Red Cross donation collection points have been flooded with people bringing clothing, food and supplies. Newspaper and government Web sites list bank accounts where money can be deposited.
Calderon vowed to improve the distribution of the aid — which has been spotty and fraught with problems so far — in the coming days.
Flooding from heavy rains last week inundated as much as 70 percent of table-flat Tabasco and caused deadly flash floods and landslides in the mountains of neighboring Chiapas.
The official death toll so far stands at six dead with several dozen others missing. Tens of thousands of people remain in shelters.
Insurance claims in Tabasco alone are expected to reach nearly $700 million, the Mexican Insurance Industry Association said Friday. But the actual damage toll is expected to run far higher because many of the region's poor residents carry no property insurance.

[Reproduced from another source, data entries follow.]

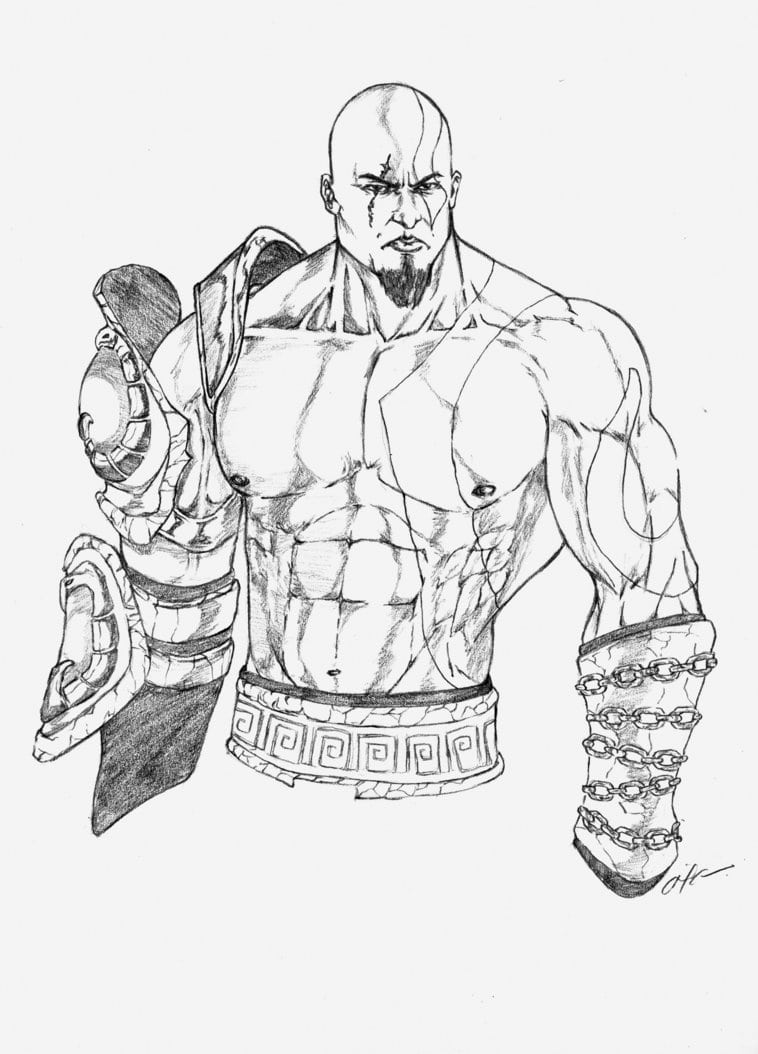 How To Draw God Of War, Draw Kratos, Step By Step, Video Game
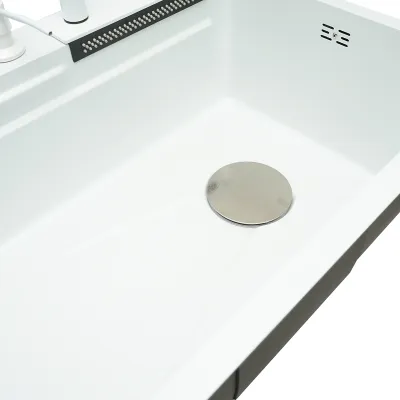 Chiuveta bucatarie multifunctionala din otel inoxidabil cu doua baterii, functie cascada, spalator pahare, dozator sapun, scurgator, tava, tocator si accesorii scurgere incluse, dimensiune 60x45x22cm - imagine 11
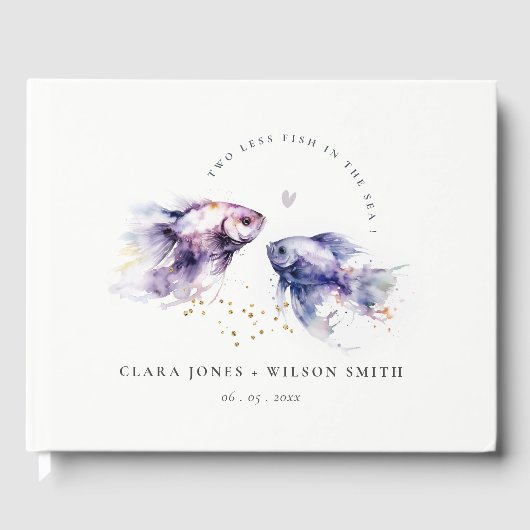 Elegante Lila Waterverf Kustvisbruiloft Gastenboek (Voorkant)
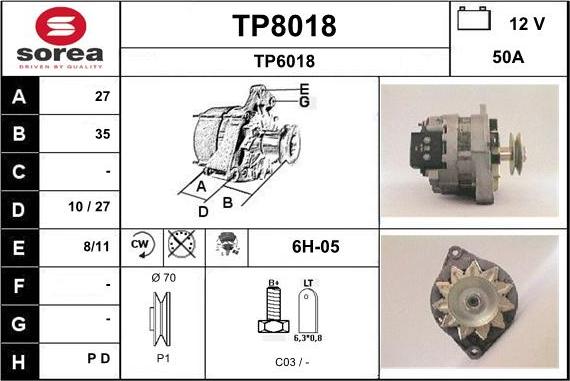 SNRA TP8018 - Генератор vvparts.bg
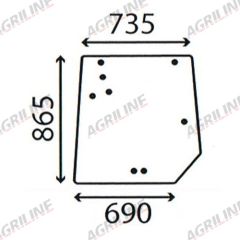 Cab Glass- MF 5400- Rear Window- Green Tint suitable for Massey Ferguson - 4272760M1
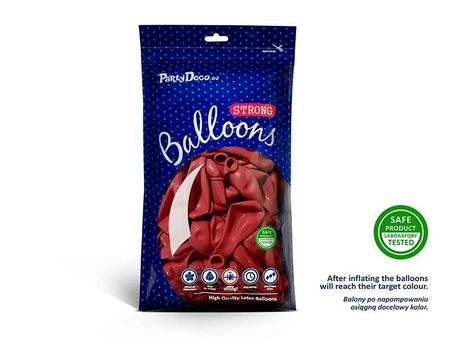 Balony lateksowe Strong, Czerwone, Pastel Poppy Red, 30cm, 50 szt.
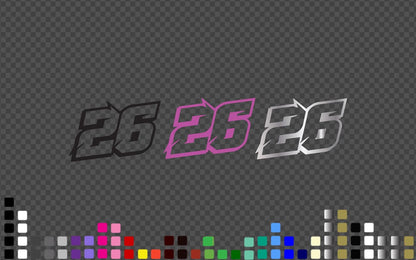 Custom Racing Number Decal 3x Pack: Bold Motocross Style Vinyl Stickers – view 3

Government and industry officials say that nearly all of Tabasco's agriculture — upon which a third of the state's 2 million people depend — has been destroyed. Tabasco is a major source of beef, seafood and tropical fruit in Mexico.

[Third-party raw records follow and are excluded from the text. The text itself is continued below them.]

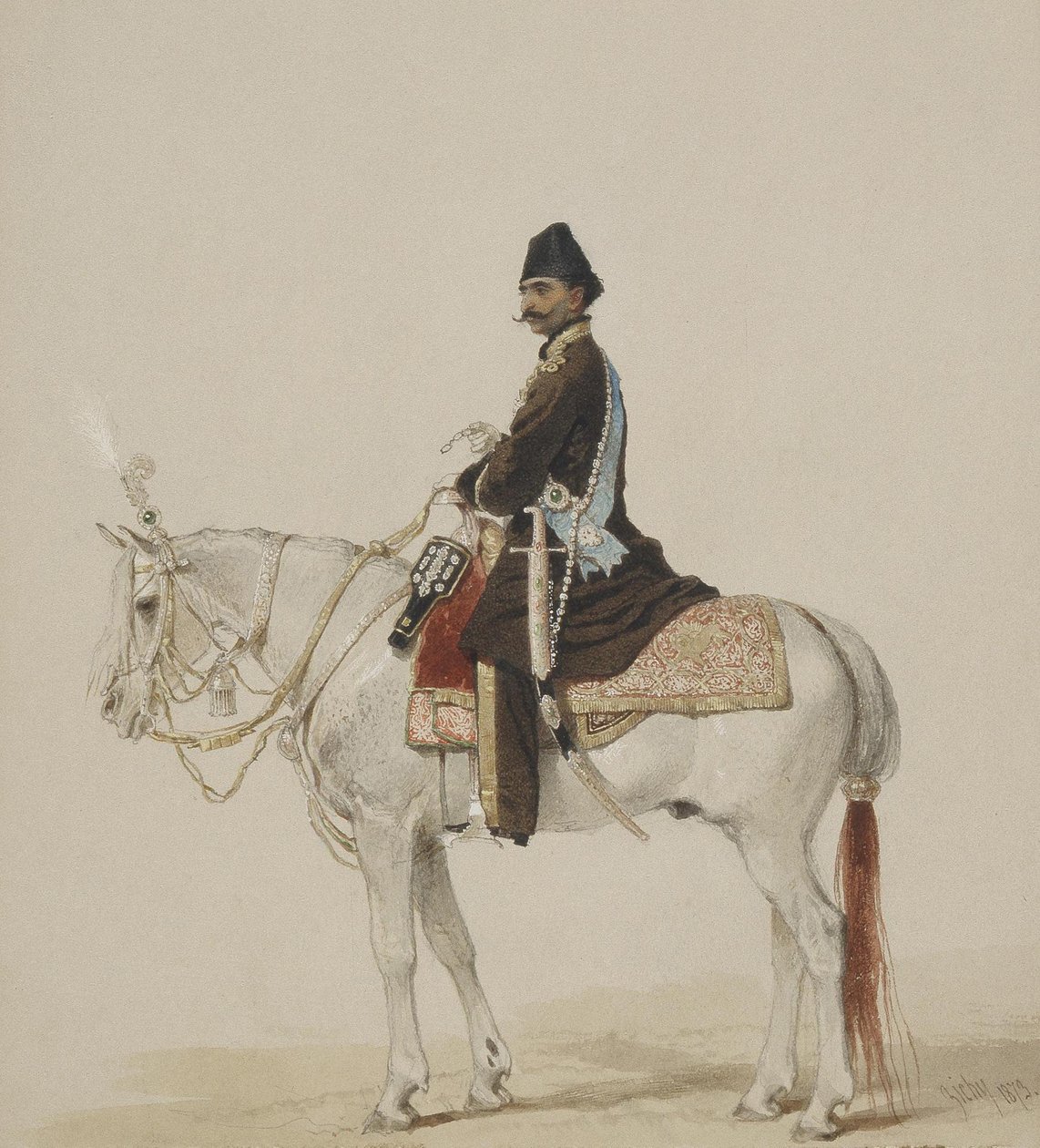 صورة الفروسية ناصر الدين شاه قاجار 1831-1896 ، 1873 بواسطة Mihaly بواسطة Zichy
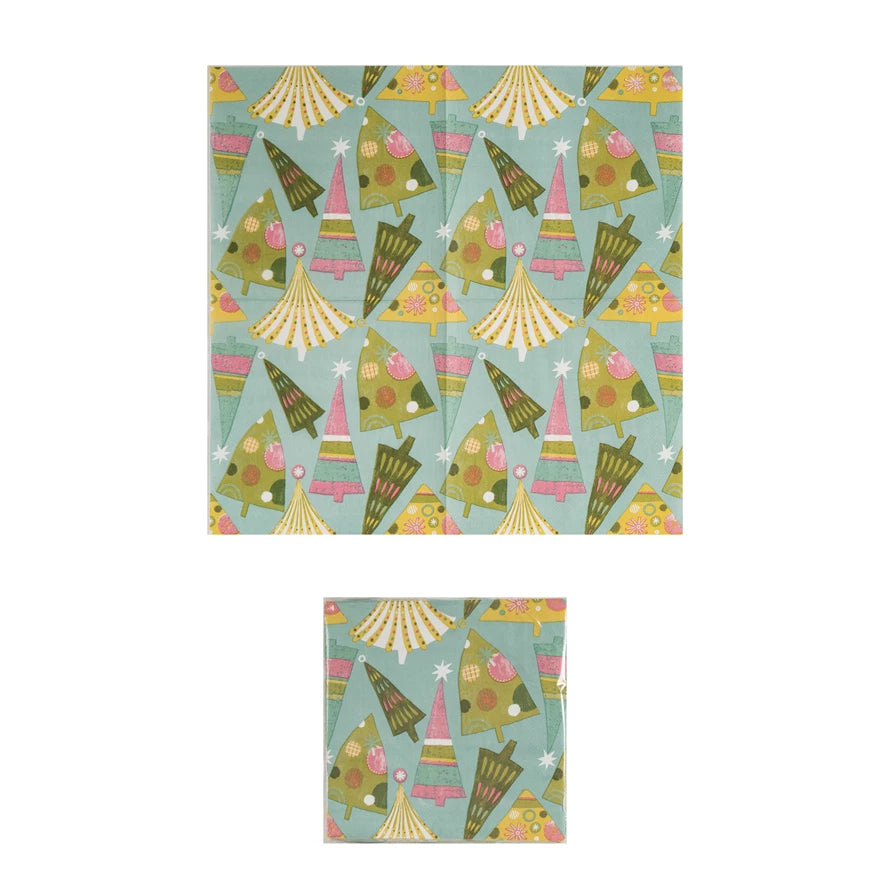 Paper Napkins w/ Christmas Tree Pattern, Multi Color (Contains 50 Folded Pieces) ©
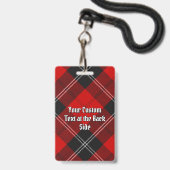 Clan Ramsay Wappen über Red Tartan Ausweis (Rückseite mit Lanyard)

The Grijalva and Usumacinta rivers, which join in Tabasco before emptying into the lower Gulf of Mexico, constitute Mexico's most important watershed. Rising in the rain forests and mountains of Chiapas, both rivers tumble sharply down to sea level in Tabasco, which is effectively one vast flood plain.
Tony Garza, the U.S. ambassador to Mexico, toured Tabasco Friday accompanied by his wife, the heiress to the Corona beer fortune and Latin America's wealthiest woman, as well American Red Cross President Mark Everson.

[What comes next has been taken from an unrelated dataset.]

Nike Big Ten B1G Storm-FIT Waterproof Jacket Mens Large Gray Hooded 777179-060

"The strength of the Mexican people in the face of a disaster of this magnitude is a tribute to the human spirit," Garza said. "While visiting communities struggling under flood waters, or those displaced by the deluge, I was impressed by the way people pulled together to hasten their own recovery from this disaster."
The Bush administration has contributed $420,000 for disaster relief so far, Garza said. Private and corporate U.S. aid has been donated as well. Calderon praised the foreign help, which has included a 54-member medical team from Cuba.
"Together we will rebuild and pull Tabasco forward," Calderon said.